The words passed through Claudia like a cold, stiff breeze. She shivered. First in fear, then again when the last ethereal disbelief that still clung to her slowly ebbed away. She was back in the real world, as far as she could tell. Or maybe just a more alert state of shock. Or whatever foul smells were in the air acted as a sort of smelling salt that yanked her to a more conscious state of mind. In any case, her assessment of the situation was the same: she was still one misstep from hanging from her neck, three wrong answers from meeting a similar fate, and four blank spaces from making it out of here in as few pieces as possible.
Technically not a very different situation than before, but now, the place had a terrible sense of realness it hadn’t had when she first arrived.
“There’s gotta be something you want… something I can give you…”
“Yes. Your next letter.”
“I just want to go home. Please. I’ll never come back I promise.”
“That can be arranged. If you win.”
“How can you be so cruel?!”
Teresa had no answer for that -- at least, not this round. So the only response Claudia got was an impatient cough from her ‘host’, the creak of the rope around her neck, and the generic rock of Danzig’s “Mother”, which took over when the Blue Oyster Cult had finished. Her watery eyes wandered back to the chalkboard, and the four blank dashes that were the keys to her freedom.
Her heart seized shut between her ribs. How was she supposed to do this now? She was in no state for precision thinking. And there was no logic she could employ that would make it easier to guess a letter, knowing now what the consequences would be if she were wrong. She suddenly could see it in her mind's eye, clear as day, a blade cutting through her right arm: the heat, the pain, the shock… her right arm throbbed and stiffened at the mental image, one that she just couldn’t bring herself to shake. It always clung fast, and grew stronger, the more she tried to see something else. Anything else. She couldn’t even visualize picking the right letter…
“Are you giving up, Claudia?” Teresa asked.
“No.” She answered cooly despite the staccato of her thoughts.
“Then you need to make a guess.”
“Okay. I’m thinking.”
She had to come up with a different approach to clear her thoughts. She had been trained to endure torture, and the primary mechanism of those lessons was awareness that you were being fucked with: the physical pain was only an element in a recipe designed to break your mind and trick you into cooperating with your tormentors, one way or another.

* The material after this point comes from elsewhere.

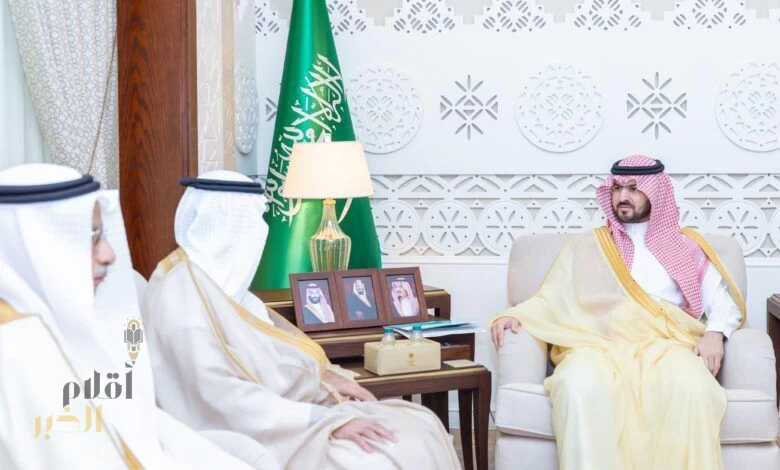 نائب أمير الشرقية يستقبل رئيس وأعضاء شركة شمعة التوحد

So she had to stop thinking of this as a game she could win or lose, living in fear of a wrong answer. She had to fully and completely accept this as an execution. And only when she came to understand that reality, was she able to actually shake that horrible vision from her frayed mind, and stare at the chalkboard with a renewed focus.
Her logic wasn’t wrong with her first guess: at least in assuming Teresa was hostile, and actively wanted her to lose as quickly as possible. With any game of hangman, vowels were the secret to getting on the board, as every word had them. If she kept guessing vowels, there would only be a one in five chance that she wouldn’t get at least one correct before she ran out of chances.
But there was a sixth, often unused vowel. Almost like a secret one, that would ensure she could guess every one of the five other vowels and still lose in four guesses. And if Teresa wanted Claudia to lose as quickly as possible, then…
“Y.”
“I already answered that.”
“...no, the letter. Y.”
“I see.”
Teresa picked up the chalk with one delicate hand… and drew a y in the second blank spot. _ y_ _. She had guessed right. She had saved her right arm. She was so excited that for a moment she forgot to consider this an execution and she felt her joy intermingle with the horror of the three remaining blank spaces. But she composed herself and toned down her reaction to an acknowledgement. She was still missing an arm and had a rope around her neck.
But in her restraint she still had to recognize this was more than just a small win: the number of four-letter words in the English language with a y in the second spot was a small, small list: hymn. Sync. Myth. Gyms. Byte. Eyes. Dyes. By picking a unique word, Teresa had made a terrible mistake -- while they were harder to guess from the onset, even getting one letter of the four right put you well on the path to victory.
She still had to figure out what letter to pick next. But first…
“Okay. Okay. You owe me a question.”
“I don’t owe you anything.”
“D-did you know a man named Garik? He looks like an Avocado pit...did he... come through here?”
Teresa’s eye twitched at the question, and her straight lips curled downward by a few scant degrees.
“Of course. He lost his game as well.”
Claudia’s eyes widened. She found herself leaning forward, tightening the noose by a small but noticeable amount.
“Why did you -”
“-Please make your next guess.”
Claudia bristled at being cut off, but had little choice but to turn her attention back to the three blank spaces yet to be filled. Logically, the next letter to use would be E: it was one of the most common letters and certainly paired up with Y quite a bit. But the idea that Teresa would avoid vowels still stuck in Claudia’s mind -- and in that case, the most likely consonant to pair with Y… tyke, tyne, lyte… seemed to be T.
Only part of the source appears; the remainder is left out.